S’agissant des biens acquis avant le mariage, ils demeurent la propriété de chaque époux à titre individuel. Il en de même de tout bien issu d’une succession ou d’une donation. En cas de succession, sont concernés, la totalité des biens propres de l’époux défunt, et la moitié des biens communs.

La séparation des biens

Sous ce régime, chacun des époux dispose librement de ses biens meubles et immeubles acquis avant ou pendant le mariage, indépendamment du moyen par lequel ces biens ont été acquis. C’est dire qu’en séparation de biens, le bien appartient à celui dont le nom figure sur le titre de propriété. Ici, la succession s’applique sur la totalité des biens propres du de cujus.

La communauté universelle

Avec ce régime, tous les biens meubles et immeubles sans aucune distinction (donc ceux acquis avant le mariage aussi) sont la propriété des deux époux. Il en de même des biens reçus par quelque moyen, avant et pendant le mariage. En conséquence, les époux sont aussi solidaires des dettes contractées par l’un ou l’autre.

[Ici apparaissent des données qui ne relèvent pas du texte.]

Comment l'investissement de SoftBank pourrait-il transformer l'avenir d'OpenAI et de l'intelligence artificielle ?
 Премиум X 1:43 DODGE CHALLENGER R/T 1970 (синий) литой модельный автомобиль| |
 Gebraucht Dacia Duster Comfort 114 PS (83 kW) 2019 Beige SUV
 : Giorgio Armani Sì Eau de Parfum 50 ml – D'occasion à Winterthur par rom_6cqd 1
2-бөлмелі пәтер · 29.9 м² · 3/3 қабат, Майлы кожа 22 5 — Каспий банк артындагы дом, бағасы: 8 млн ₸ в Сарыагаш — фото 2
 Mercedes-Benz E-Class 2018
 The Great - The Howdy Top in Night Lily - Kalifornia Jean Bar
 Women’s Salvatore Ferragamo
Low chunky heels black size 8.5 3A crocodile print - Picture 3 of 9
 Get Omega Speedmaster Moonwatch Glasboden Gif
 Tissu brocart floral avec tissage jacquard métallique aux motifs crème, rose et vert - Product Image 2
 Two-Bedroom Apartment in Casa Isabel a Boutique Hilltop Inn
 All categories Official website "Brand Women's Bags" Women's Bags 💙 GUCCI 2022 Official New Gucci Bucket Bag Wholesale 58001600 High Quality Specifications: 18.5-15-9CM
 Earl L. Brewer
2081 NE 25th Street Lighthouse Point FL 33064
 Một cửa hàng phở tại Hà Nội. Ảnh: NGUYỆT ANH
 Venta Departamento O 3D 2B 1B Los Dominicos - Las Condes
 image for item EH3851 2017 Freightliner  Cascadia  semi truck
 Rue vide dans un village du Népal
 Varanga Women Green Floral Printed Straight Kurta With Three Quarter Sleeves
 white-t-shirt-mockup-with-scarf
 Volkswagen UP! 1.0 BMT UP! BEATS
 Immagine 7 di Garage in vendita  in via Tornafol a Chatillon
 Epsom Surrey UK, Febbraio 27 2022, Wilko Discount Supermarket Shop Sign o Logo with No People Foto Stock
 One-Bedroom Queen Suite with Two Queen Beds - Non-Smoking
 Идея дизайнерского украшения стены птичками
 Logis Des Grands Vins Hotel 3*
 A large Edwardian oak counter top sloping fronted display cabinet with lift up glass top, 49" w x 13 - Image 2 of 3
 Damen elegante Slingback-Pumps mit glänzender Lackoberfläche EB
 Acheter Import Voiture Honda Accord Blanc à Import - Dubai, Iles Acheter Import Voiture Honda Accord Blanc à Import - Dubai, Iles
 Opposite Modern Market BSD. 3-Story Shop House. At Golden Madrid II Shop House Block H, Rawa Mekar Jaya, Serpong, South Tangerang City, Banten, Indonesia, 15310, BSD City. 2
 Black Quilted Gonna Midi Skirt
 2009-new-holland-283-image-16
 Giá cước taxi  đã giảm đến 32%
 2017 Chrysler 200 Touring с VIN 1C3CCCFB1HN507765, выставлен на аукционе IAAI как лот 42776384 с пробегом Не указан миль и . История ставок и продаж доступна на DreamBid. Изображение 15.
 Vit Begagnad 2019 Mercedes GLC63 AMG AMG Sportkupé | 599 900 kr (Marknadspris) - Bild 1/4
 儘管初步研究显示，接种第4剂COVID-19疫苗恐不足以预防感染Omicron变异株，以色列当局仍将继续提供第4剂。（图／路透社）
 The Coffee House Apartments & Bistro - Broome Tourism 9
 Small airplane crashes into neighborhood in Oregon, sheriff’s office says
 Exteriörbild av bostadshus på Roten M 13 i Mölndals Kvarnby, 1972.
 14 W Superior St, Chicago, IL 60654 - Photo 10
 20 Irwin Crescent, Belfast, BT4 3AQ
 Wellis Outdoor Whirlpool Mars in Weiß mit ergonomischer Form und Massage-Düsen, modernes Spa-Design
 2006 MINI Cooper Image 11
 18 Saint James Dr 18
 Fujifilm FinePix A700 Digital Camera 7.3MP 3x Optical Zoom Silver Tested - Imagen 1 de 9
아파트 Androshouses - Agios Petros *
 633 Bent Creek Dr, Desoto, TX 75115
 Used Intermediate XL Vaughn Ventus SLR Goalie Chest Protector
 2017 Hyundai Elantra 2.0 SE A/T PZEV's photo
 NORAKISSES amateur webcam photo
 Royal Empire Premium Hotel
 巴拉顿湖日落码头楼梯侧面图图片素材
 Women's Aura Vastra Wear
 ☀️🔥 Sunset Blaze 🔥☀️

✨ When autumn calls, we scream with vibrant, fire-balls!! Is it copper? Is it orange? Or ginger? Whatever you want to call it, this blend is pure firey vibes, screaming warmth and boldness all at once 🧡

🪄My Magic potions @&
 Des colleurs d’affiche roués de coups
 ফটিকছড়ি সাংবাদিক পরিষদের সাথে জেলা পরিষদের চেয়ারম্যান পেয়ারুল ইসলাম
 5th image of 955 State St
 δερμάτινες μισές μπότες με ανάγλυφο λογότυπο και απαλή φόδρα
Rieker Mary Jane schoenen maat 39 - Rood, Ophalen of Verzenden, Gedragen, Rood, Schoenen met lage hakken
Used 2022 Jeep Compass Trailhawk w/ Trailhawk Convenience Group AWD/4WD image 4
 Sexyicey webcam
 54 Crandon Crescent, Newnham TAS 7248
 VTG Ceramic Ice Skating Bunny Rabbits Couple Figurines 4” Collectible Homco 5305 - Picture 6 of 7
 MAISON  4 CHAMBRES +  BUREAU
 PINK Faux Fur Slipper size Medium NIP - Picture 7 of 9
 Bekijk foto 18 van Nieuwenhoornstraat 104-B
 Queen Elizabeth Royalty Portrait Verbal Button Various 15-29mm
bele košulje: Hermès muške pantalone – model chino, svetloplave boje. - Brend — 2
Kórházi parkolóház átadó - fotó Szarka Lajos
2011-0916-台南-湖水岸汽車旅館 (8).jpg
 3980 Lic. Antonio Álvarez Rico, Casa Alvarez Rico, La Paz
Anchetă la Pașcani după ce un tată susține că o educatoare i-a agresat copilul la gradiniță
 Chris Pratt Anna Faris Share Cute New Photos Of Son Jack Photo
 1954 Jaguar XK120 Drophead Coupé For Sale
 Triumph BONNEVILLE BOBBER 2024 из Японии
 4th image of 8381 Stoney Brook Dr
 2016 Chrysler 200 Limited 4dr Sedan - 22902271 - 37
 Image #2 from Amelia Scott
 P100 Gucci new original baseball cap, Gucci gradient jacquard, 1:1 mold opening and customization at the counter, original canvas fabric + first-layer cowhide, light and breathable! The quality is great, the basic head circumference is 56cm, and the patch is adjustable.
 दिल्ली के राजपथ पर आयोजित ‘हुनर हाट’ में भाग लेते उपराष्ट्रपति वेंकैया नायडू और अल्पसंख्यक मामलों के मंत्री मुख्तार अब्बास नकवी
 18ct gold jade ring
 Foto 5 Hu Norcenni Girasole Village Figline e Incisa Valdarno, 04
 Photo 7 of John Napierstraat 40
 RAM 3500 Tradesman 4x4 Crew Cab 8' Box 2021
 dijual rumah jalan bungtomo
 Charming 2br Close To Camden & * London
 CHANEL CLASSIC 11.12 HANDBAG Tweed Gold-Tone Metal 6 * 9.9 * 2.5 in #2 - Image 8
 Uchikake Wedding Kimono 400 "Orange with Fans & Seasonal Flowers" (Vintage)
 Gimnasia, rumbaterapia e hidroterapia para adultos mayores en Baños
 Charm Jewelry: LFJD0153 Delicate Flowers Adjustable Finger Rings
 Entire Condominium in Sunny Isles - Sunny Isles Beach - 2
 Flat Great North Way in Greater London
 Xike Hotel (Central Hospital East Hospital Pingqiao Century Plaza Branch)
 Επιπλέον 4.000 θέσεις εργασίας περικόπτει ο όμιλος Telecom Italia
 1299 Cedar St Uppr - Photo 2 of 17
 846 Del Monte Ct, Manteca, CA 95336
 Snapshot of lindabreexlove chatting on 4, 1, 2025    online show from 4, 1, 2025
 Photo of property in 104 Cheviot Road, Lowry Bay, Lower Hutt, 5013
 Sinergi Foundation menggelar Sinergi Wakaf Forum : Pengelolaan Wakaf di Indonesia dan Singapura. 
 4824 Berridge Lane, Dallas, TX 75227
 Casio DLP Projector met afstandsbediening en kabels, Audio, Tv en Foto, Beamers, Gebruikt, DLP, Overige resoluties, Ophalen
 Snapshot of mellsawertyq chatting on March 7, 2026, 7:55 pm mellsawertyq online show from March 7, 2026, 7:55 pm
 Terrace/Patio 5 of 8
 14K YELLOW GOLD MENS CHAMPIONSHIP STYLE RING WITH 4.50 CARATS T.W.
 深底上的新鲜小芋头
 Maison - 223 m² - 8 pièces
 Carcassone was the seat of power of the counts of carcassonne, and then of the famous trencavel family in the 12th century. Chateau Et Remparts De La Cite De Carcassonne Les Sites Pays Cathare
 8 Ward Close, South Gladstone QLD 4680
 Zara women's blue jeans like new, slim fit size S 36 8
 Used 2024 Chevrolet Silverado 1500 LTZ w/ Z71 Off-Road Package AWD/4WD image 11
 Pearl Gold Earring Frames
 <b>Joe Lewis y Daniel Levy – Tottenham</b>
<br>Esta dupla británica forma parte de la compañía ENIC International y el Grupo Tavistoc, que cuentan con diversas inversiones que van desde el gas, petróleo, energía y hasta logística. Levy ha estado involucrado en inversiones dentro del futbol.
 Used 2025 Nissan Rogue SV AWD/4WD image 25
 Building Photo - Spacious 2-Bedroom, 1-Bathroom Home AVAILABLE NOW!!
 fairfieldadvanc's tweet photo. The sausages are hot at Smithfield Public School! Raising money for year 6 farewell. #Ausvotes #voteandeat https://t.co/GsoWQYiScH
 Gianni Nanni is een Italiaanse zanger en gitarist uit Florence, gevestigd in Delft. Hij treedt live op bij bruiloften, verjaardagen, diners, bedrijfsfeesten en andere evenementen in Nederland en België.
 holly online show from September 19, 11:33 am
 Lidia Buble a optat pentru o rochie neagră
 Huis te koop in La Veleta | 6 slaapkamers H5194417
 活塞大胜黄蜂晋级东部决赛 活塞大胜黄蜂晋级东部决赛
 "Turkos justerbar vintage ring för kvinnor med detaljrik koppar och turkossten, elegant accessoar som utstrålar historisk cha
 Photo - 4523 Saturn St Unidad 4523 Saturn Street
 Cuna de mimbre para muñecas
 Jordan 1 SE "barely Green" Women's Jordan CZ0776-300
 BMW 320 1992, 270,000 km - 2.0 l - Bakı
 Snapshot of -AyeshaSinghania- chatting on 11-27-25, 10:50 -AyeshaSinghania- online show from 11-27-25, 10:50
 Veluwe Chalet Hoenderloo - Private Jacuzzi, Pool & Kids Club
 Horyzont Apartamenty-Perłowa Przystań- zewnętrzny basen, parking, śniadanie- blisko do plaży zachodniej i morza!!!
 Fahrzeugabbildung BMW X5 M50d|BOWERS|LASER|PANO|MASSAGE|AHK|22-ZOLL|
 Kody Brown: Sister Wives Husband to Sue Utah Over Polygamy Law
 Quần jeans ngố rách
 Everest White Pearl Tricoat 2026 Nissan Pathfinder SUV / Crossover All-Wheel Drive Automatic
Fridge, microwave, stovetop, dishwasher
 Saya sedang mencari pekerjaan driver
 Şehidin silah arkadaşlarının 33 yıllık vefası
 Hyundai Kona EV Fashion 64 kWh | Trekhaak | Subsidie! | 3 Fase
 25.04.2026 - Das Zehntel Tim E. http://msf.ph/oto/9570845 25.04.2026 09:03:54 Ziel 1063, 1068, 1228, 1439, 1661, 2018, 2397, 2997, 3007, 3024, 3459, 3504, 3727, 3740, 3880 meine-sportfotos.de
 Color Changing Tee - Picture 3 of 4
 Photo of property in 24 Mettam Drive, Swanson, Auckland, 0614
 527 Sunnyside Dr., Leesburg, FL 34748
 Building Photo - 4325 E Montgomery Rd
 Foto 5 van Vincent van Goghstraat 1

La participation aux acquêts

C’est un régime qui cumule les règles du régime de la séparation des biens et celles du régime de la communauté réduite aux acquêts. Il se distingue au moment de la dissolution du mariage, où les acquêts seront calculés selon la différence entre la valeur des biens propres au cours du mariage et leur valeur au moment de sa dissolution.

Les acquêts seront alors additionnés pour déterminer de combien le patrimoine des ex-époux a augmenté. Cette croissance sera alors divisée pour déterminer le patrimoine individuel.